Spatial Data Infra...

Spatial Data Infrastructure for Monitoring Development Outcomes in Uganda

This report, part of the Spatial Data Infrastructure for Development (SDI4MDGs) project, draws lessons from international SDI trends to navigate and propose a long-term architecture for a National Spatial Data Infrastructure in Uganda.

SDI has been identified as an effective tool for monitoring development outcomes, including MDGs, in Uganda, this can be best applied by the Land Information Systems, National cadastres, environmental management, the electoral process, education, healthcare, e-government services and transportation planning . Common to programme planning across many of these services is the setting of quantitative and qualitative objectives and regularly measuring progress towards them. There are a number of isolated activities and initiatives in Uganda that are directed to the realization of SDI objectives. These include using GIS tools to collect, analyze and publish data as well as setting up programs.

This study found that most of these SDI related projects are donor funded, therefore, making it important for the government to set up a body that oversees SDI related activities such as monitoring and evaluation of development funds, leadership, legal framework, technology, policy and legislations regarding spatial data in the country.

There are some principles and insights relating to SDI to follow as a result of the lessons learnt. There is particular need to remain sensitive to momentum and ensure SDI implementation sustainability through successive, smaller, “quick win” deliverables. As far as possible, leverage and build on the existing efforts, structures, and institutional arrangements. There is need to be sensitive and have a mitigation plan for technological challenges during the early phases of SDI implementation activities.
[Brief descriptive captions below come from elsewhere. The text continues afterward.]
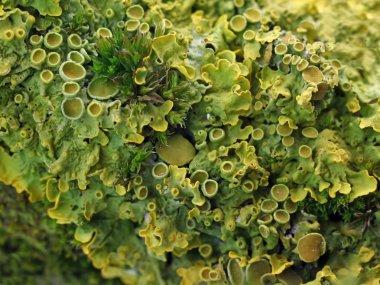 bir şube liken ve moss ile yakın çekim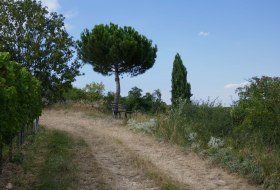 Weg zum Missions-Heisje &copy; Michael Jung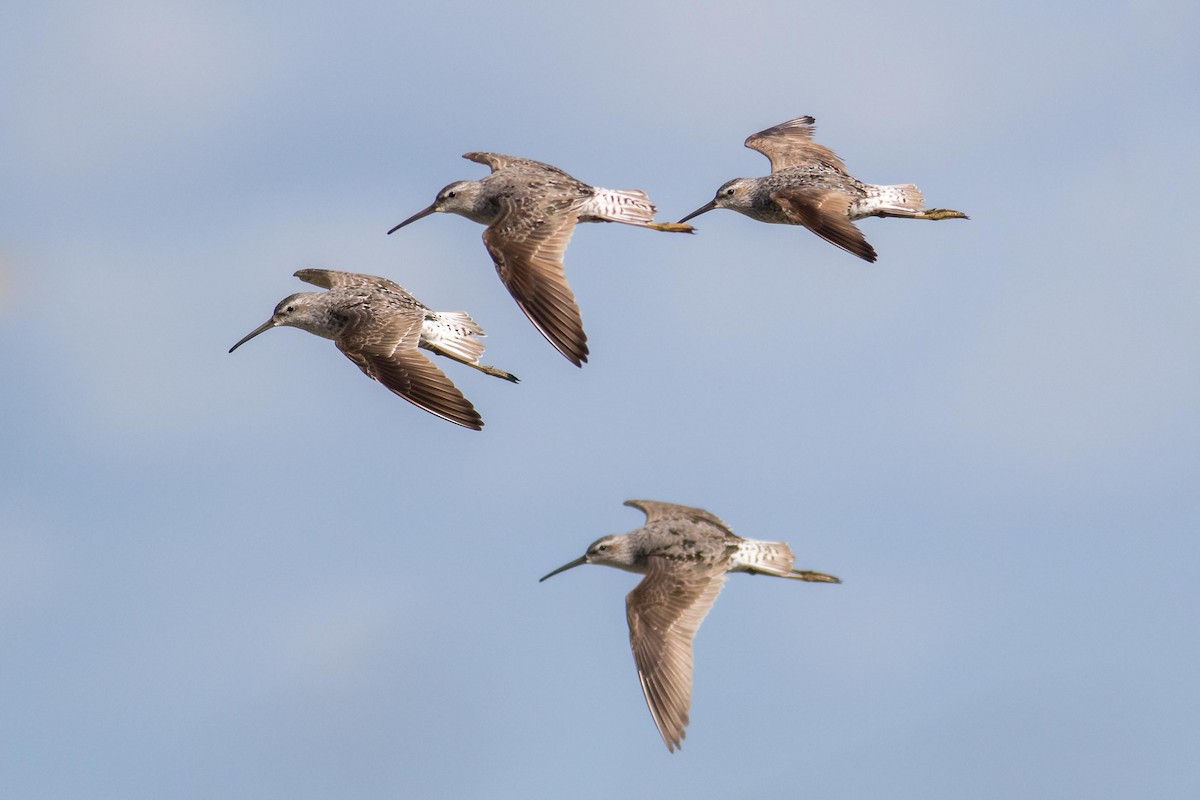 Stilt Sandpiper - ML109840051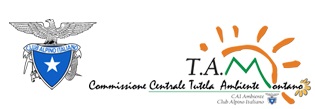 logo-TAM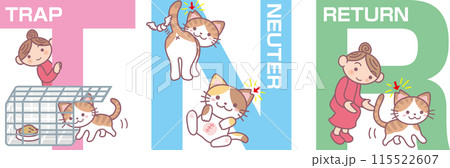 改訂版TNRイラスト_キジ猫メイン_英語表記のみ 改訂版TNRイラスト_キジ猫メイン_英語表記のみ 115522607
While the longer-term architecture and application areas of an SDI will be generic and cross-disciplinary, focus initially on specific application areas that address well-articulated needs. When concrete application areas are absent, SDI initiatives tend to lose traction. A Mitigation plan for technological challenges during the early phases of SDI implementation activities should also be taken care of with legislation as a powerful SDI enabler. All stakeholders therefore, need to be engaged and encouraged to remain at the NSDI table.